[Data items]
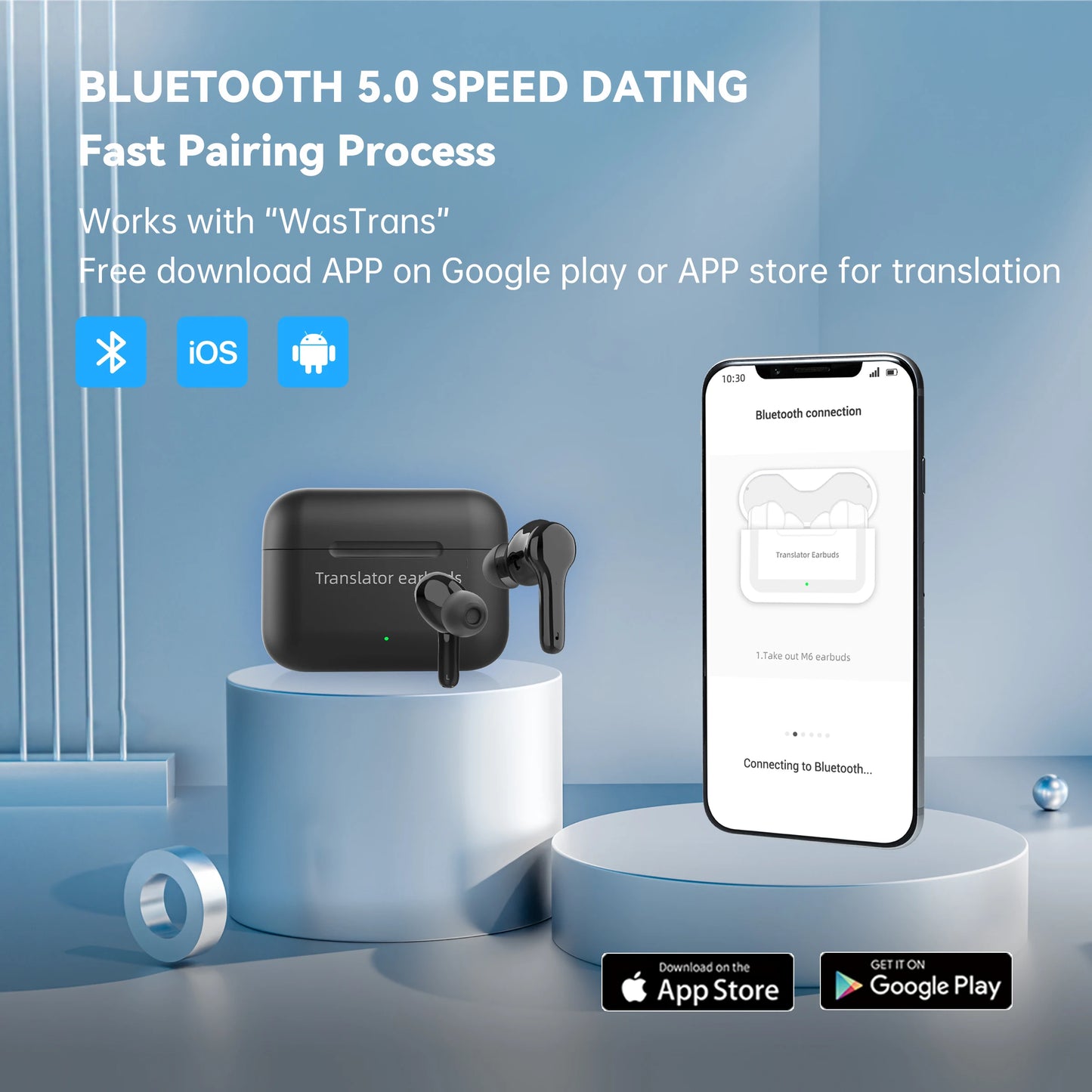 Wooask M6 Translation Earbuds – Real-Time 2-Way Translator, 144 Languages, Offline Support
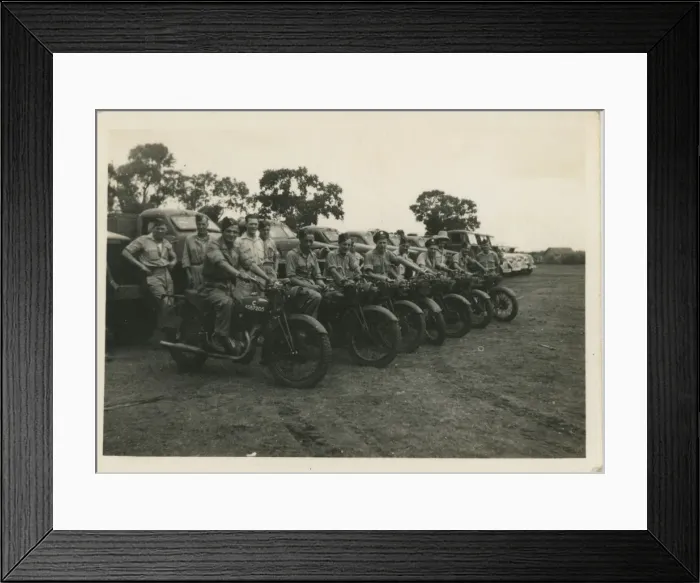 Framed Print : British Army Motorbikes, Britain. Date: 1940s Framed Print : British Army Motorbikes, Britain. Date: 1940s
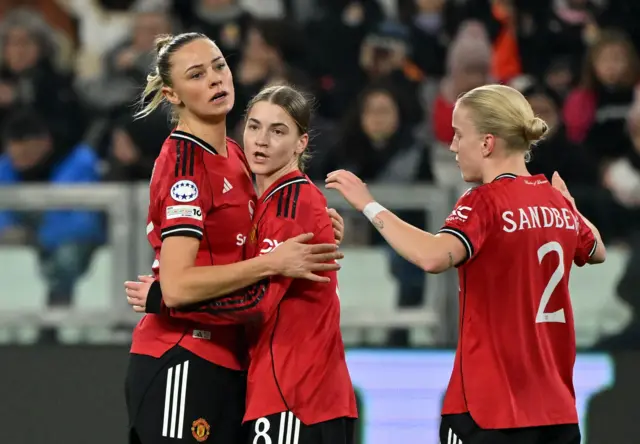 Manchester United's Jess Park celebrates scoring their first goal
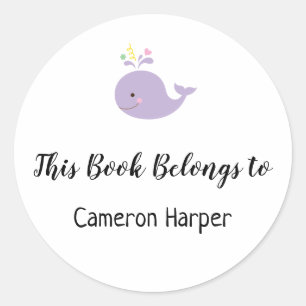 Simple Child and Baby Bookplate w/ Purple Whale Classic Round Sticker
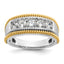 14k Two-tone 1 carat Lab Grown Diamond VS/SI+ G+ Five Stone Complete Polished Satin and Textured Men's Ring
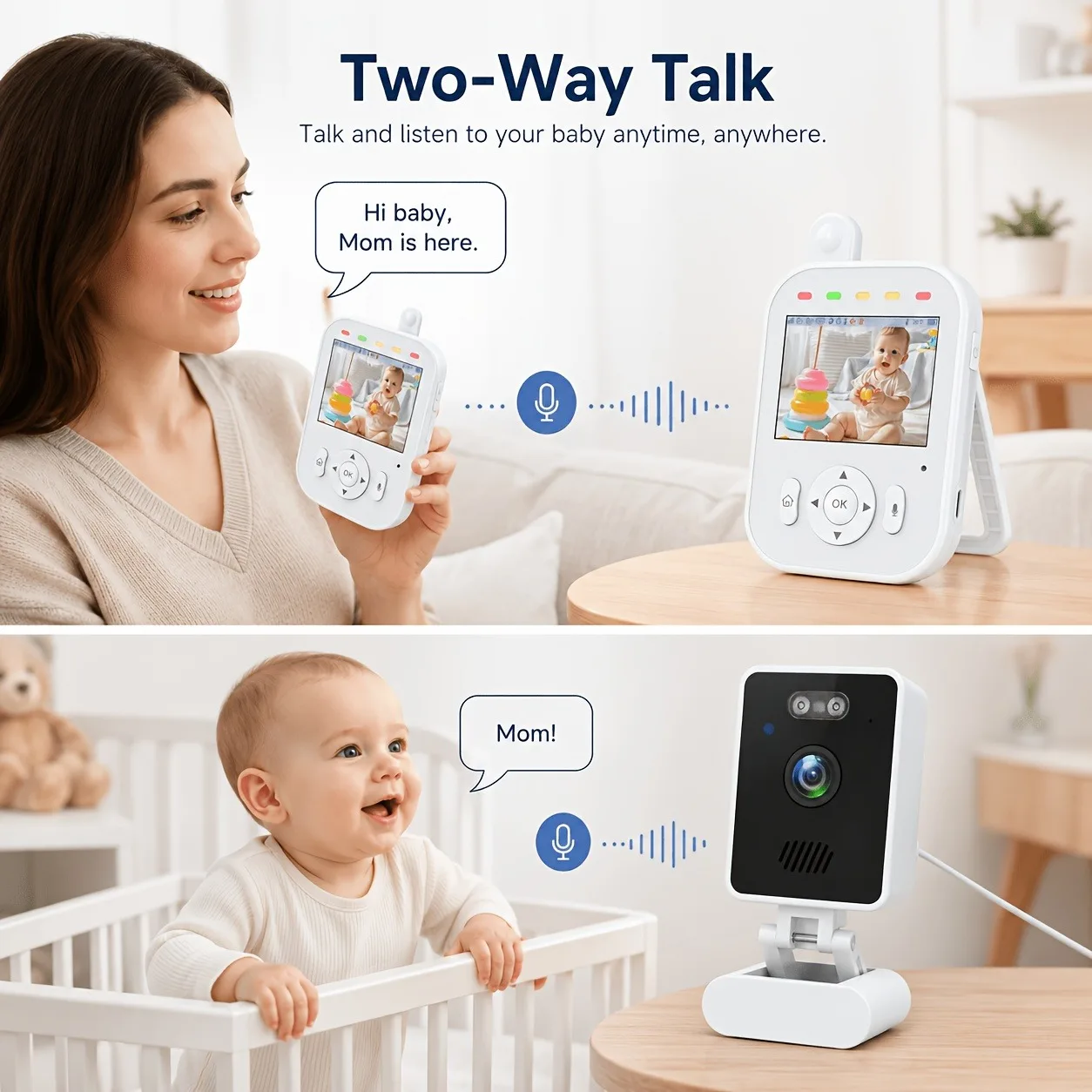 Baby Monitor with 2.8 Inch Digital LCD Screen Wireless Camera Color Night Vision VOX Temperature Monitoring System for Safety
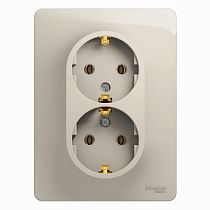 Glossa Молочный Розетка 2 постовая с заземлением (в сборе с рамкой) Systeme Electric (Schneider Electric)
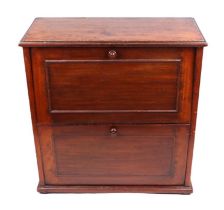 An Edwardian mahogany two-tier shoe cabinet, 72cms wide.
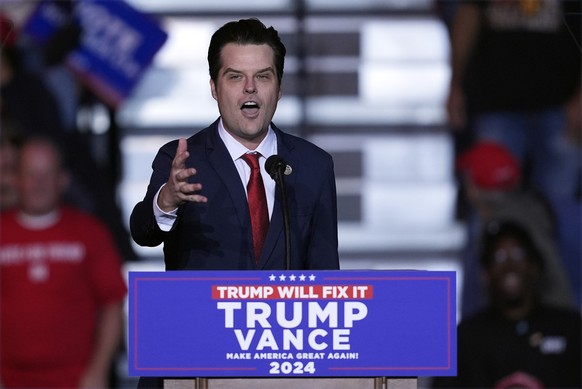 Rep. Matt Gaetz, R-Fla., speaks before Republican presidential nominee former President Donald Trump speaks at a campaign rally at Lee&#039;s Family Forum, Thursday, Oct. 31, 2024, in Henderson, Nev.  ...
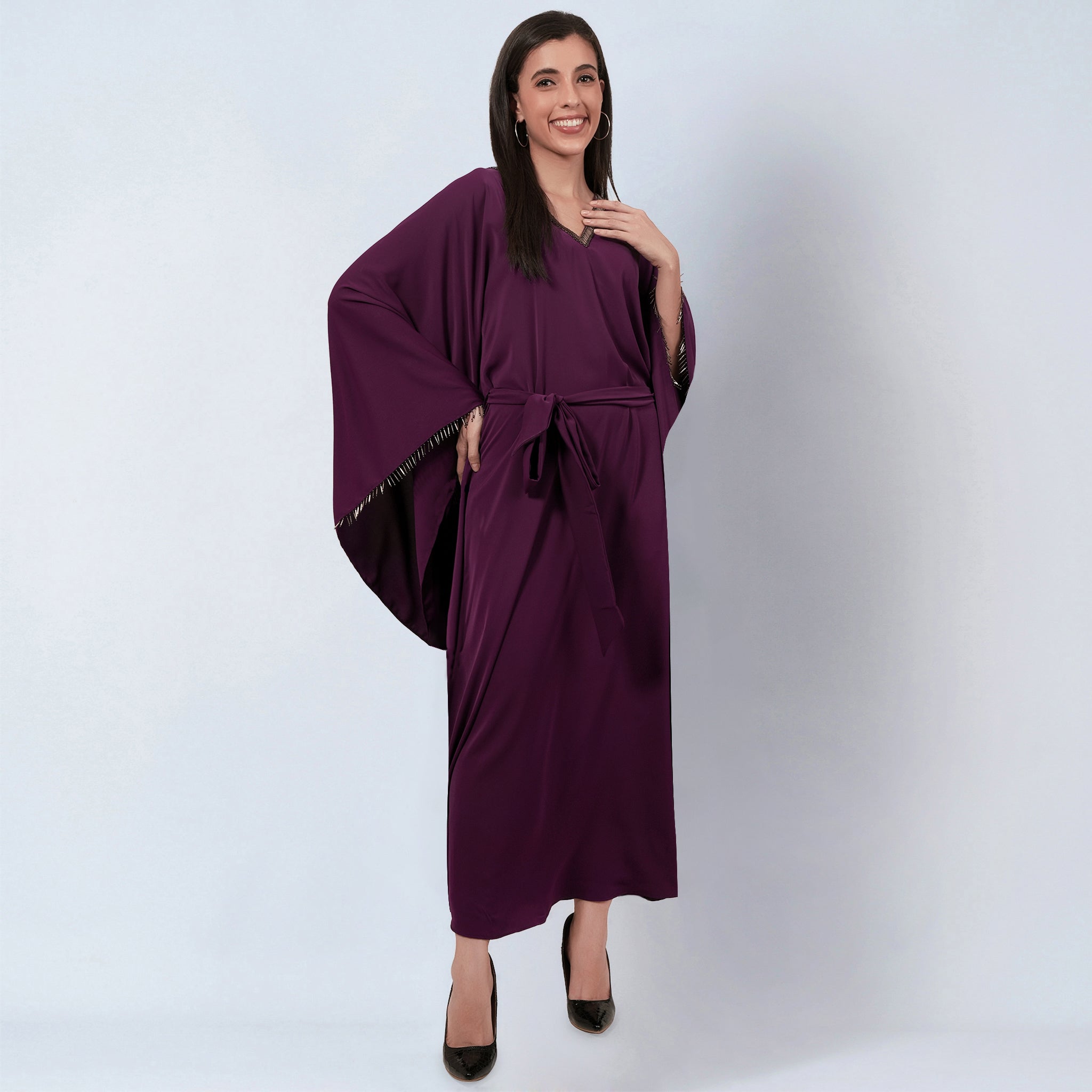 Purple Embroidered Neckline Full Length Kaftan with Belt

**WHAT YOU NEED TO DO:** Leave out every picture, and copy exactly the lines above starting at the one holding "14k Two-tone 1" and ending at the one holding "Baby Monitor with", no more and no less.

**RESULT OF THE TASK:**
 14k Two-tone 1 carat Lab Grown Diamond VS/SI+ G+ Five Stone Complete Polished Satin and Textured Men's Ring
 Baby Monitor with 2.8 Inch Digital LCD Screen Wireless Camera Color Night Vision VOX Temperature Monitoring System for Safety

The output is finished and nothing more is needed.